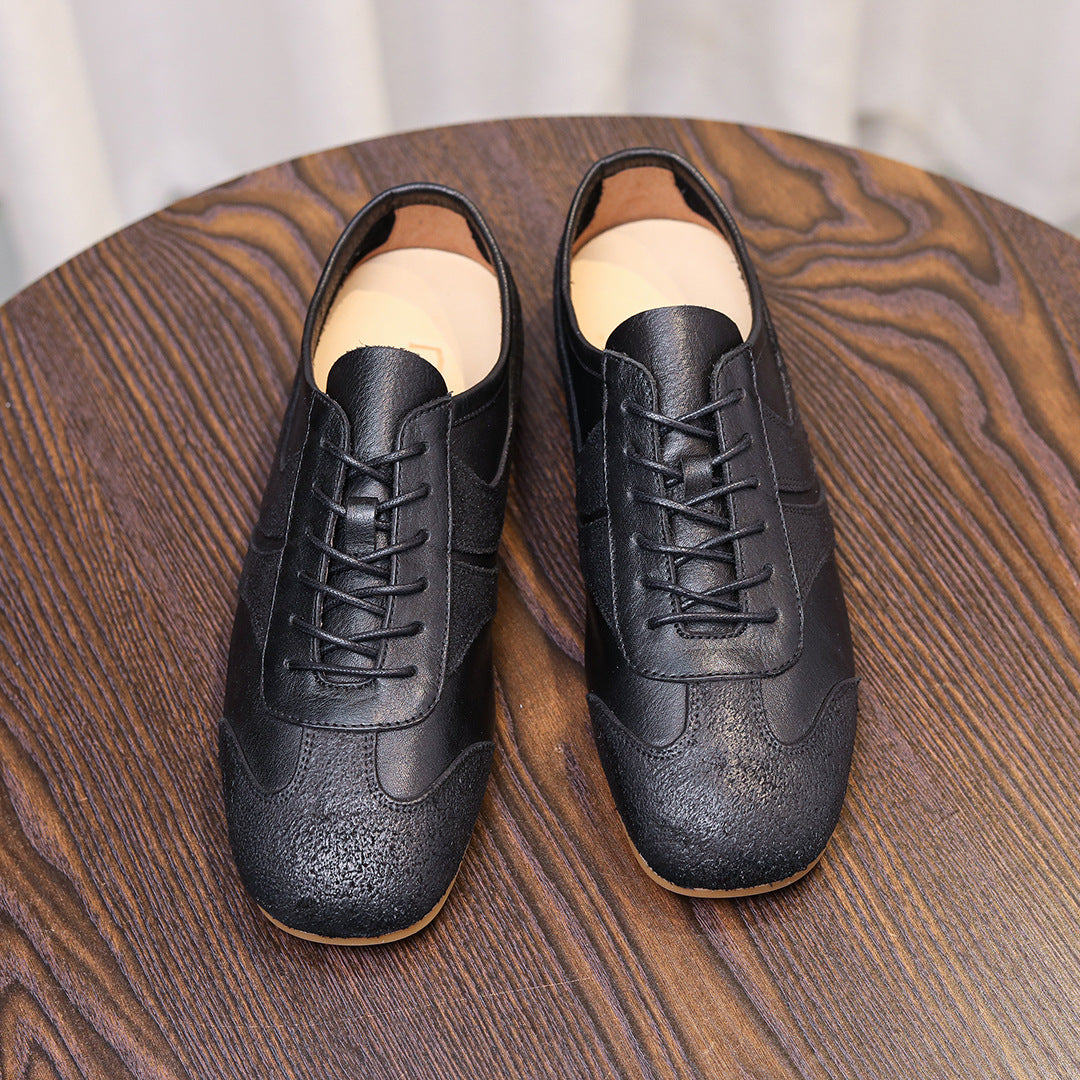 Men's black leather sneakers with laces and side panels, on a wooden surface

--

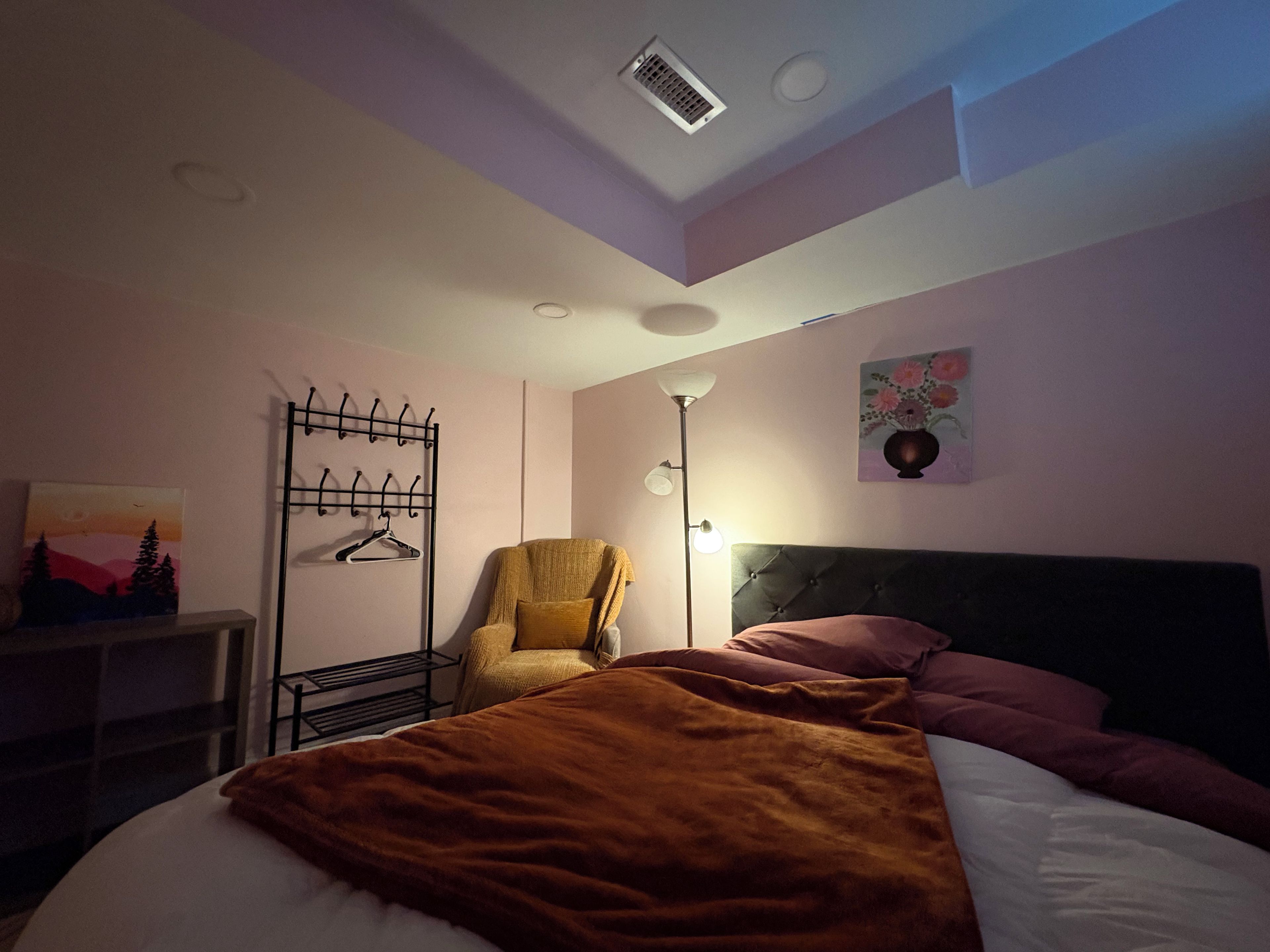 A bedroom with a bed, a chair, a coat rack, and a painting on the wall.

...

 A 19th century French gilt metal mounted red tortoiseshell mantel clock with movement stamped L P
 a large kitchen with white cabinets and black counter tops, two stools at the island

= How to complete this task =
Your answer must consist solely of the lines above between the line holding "A 19th century" and the line holding "a large kitchen", inclusive, copied exactly.

= Reply to the task =
 A 19th century French gilt metal mounted red tortoiseshell mantel clock with movement stamped L P
 a large kitchen with white cabinets and black counter tops, two stools at the island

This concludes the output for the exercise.